28 July 2011

Best Frenemies

A friend refers to another scientist as his best enemy.  The important thing about this is, he is not angry or upset about the other scientist.  I'll call them John and Jane, John being the one I know.  John and Jane are both outspoken people.  Consequently, at meetings the two of them spend a fair amount of time disagreeing with each other.  And they disagree vigorously.

That vigor is part of what makes Jane a best enemy for John.  John's not a quiet person himself.  So it would be easy for him to vigorously say what he thinks is true and other people to quietly agree, because no other ideas were presented, or to quietly disagree.  Quiet disagreement would be worse.  It would mean that John would not have a chance to explain the parts of his thinking that would persuade those people that he was right after all.  With a vigorous enemy, however, John can be confident that Jane will bring up those points that aren't clear to other people.  And then John can explain them.  After this, if anyone disagrees with him, there's a fair chance that it's because he doesn't really have things right himself.  And he also has a chance to change his thinking, to arrive at something even better than what either he or Jane thought were the case when the two started their discussion.
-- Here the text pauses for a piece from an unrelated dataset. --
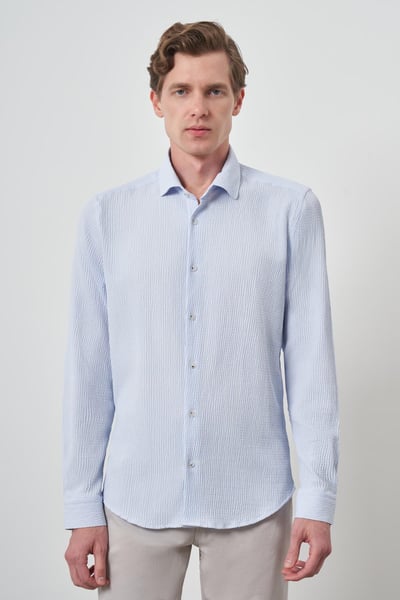 Morven Erkek A. MAVİ Gofre Trend Desenli Dynamic Fit İtalyan Yaka Gömlek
The even larger bonus is that whatever conclusion John and Jane reach personally, they're confident that the entire audience knows what is the real topic of discussion, and why they each think as they do.  This puts enough substance on the table for the audience to be making good decisions.  If John's position isn't the one that some in the audience walk away with, that's fine.  He's going to keep thinking about the topic himself and maybe decide that something closer to Jane's original position is more correct.  Or maybe he realizes that there's a better way of describing why he thinks as he does.  Either way, some scientific progress is made.

Another part of what makes it work is that their discussions, regardless of how vigorous (an uninformed observer might say 'violent'), are technical.  Both of them have serious professional reasons for their conclusions.  And it is those professional reasons they turn to, not cherry picking starting points for time series trend analysis and other dishonest or ignorant methods.

A final matter that makes it work is that neither of them is personally upset by the fact that they have professional disagreement.  Both apparently rather relish it.  After spending 8 hours at the meeting disagreeing with each other about almost everything under the sun, they go out to dinner together and chat pleasantly about other topics.

Strictly speaking, I only have 'John's view of matters.  I don't know 'Jane'.  Still, they've been doing it for decades now, and I think even of 'John' were extremely clueless about other people (and my observation is that he is fairly clueful), he'd have picked up on 'Jane's differing viewpoint. 

Names and genders may well have been changed for the purpose of the story telling.  The people and descriptions are otherwise accurate.


Kooiti Masuda said...

I remember Lindzen was like that with Japanese atmospheric dynamicists until 1990, or until around the time when the discussions led to this paper were made. I do not know the situation after that.

Robert Grumbine said...

I hadn't realized that Lindzen had started this line so far back. I'll have to read the paper; it looks from the abstract like they set out a nice, fundamental, argument. It might also have some light to shed on the recent Spencer paper.

In other matters, there's a chance I'll be in Japan next May for a meeting.